Lump sum offers were also relatively uncommon ten years ago. Due to a combination of changing lump sum conversion rules enacted with PPA, and the fact that the year 2012 was a falling rate environment (in addition to many other individual years since then), lump sum offers suddenly became mainstream.
After 10 years most U.S. corporate DB sponsors have pursued at least one form of risk transfer. The vast majority have seen proposals for additional risk transfer transactions put forward by their plan actuary or other advisors. Sponsors are often troubled with deciding when and if risk transfer makes sense. The decision is not inconsequential, nor is it always straightforward.
The trend toward annuity purchases is only accelerating (also shown in the exhibit above), and with improved funded status in 2021 more and more sponsors are considering ways to reduce the overall risk of the plan to the organization, and to reduce the plan’s footprint.
Here we hope to raise awareness of potential challenges and red flags sponsors may face when considering risk transfer. Since much of the low-hanging fruit of risk transfer has already been picked, we have observed that some advisors have become more creative and aggressive in pushing risk transfer when not necessarily warranted or in the long-term best interest of the sponsor. Having a broader understanding of what issues may arise will help plan sponsors know when risk transfer makes sense.
Low-hanging fruit
First, to be clear, risk transfer can have clear and tangible benefits in terms of cost savings and overall plan simplification. For example, sponsors can save significantly on PBGC premiums. Sponsors pay a PBGC flat-rate premium every year for each participant in the plan, regardless of the funded status. Due to a series of congressional acts, the flat-rate premium has increased from $35 per head in 2012 to $88 per head in 2022, and is still increasing with inflation.

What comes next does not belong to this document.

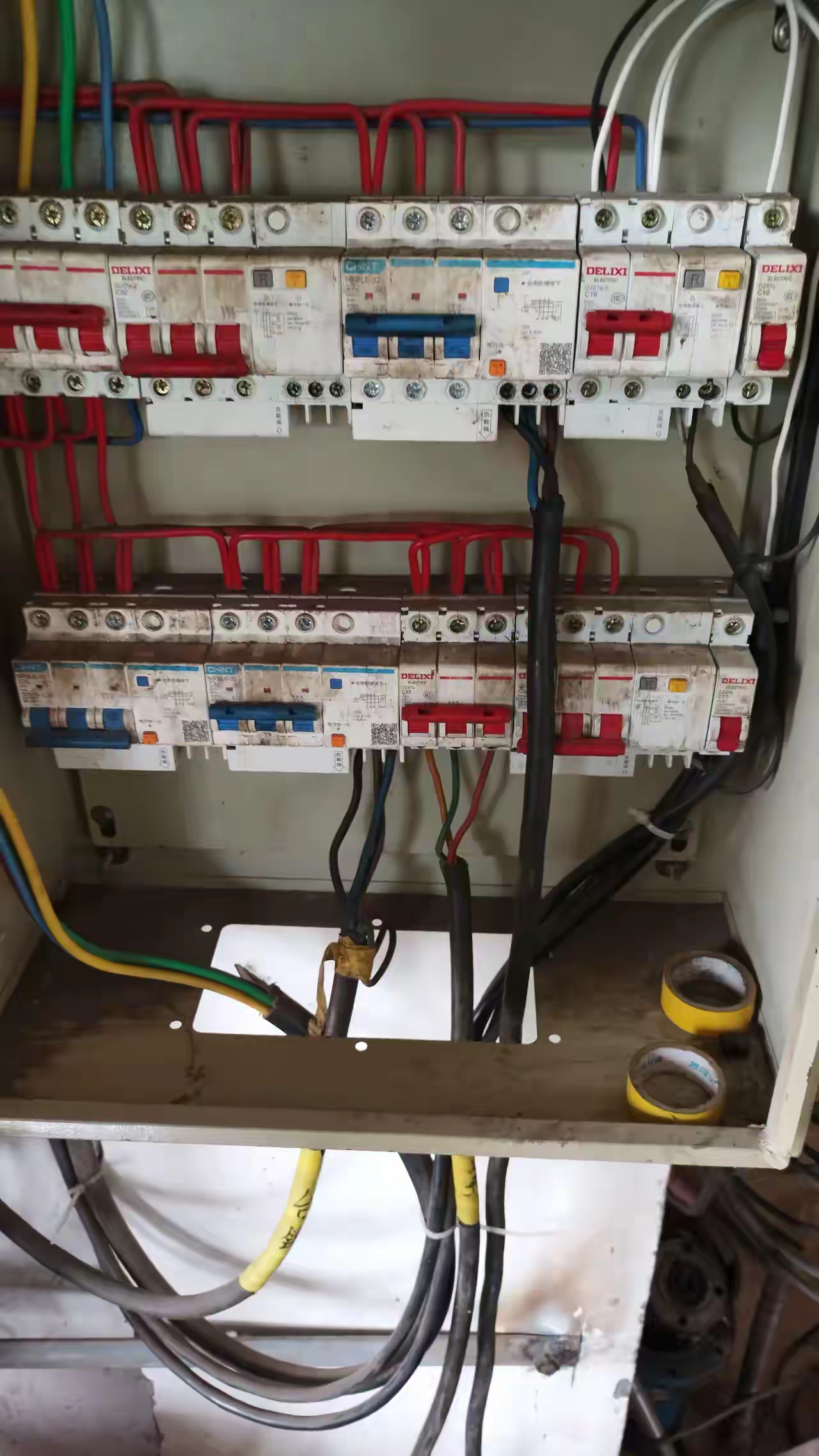 这个箱子是我们厂一位资历最好的电工做的,今天车间安全大检查,检查到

Reducing headcounts via lump sums or annuity purchase in the plan directly brings down this cost, particularly for those with very small benefits where the cost to offload them is relatively low. There may also be reduced cost for managing a smaller participant base, less mailing cost for statements/notices, etc.
The risk transfer transactions most likely to pass muster involve well-funded plans considering an annuity purchase for a select group of retirees that will receive favorable pricing (e.g., retirees with low benefits), or a lump sum cashout in a favorable rate environment. These risk transfers rarely have adverse long-term consequences, which is probably why many have completed these projects already.
Pursuing risk transfer while underfunded
We cannot emphasize enough how detrimental risk transfer transactions can be for poorly funded DB plans. Risk transfer should be considered as part of either an endgame strategy, or a way to tidy things up a bit without causing the plan harm. Plans that are underfunded have not reached their endgame, and they need every available dollar to help generate returns to reduce their funding deficit.
Underfunded plans hoping to reduce cost with risk transfer should consider making a one-time contribution to offset the negative impact the risk transfer is likely to have, making sure that the funded status percentage is at least as high as it was prior to the transaction. In most cases, sponsors are better off waiting until their funded status has improved.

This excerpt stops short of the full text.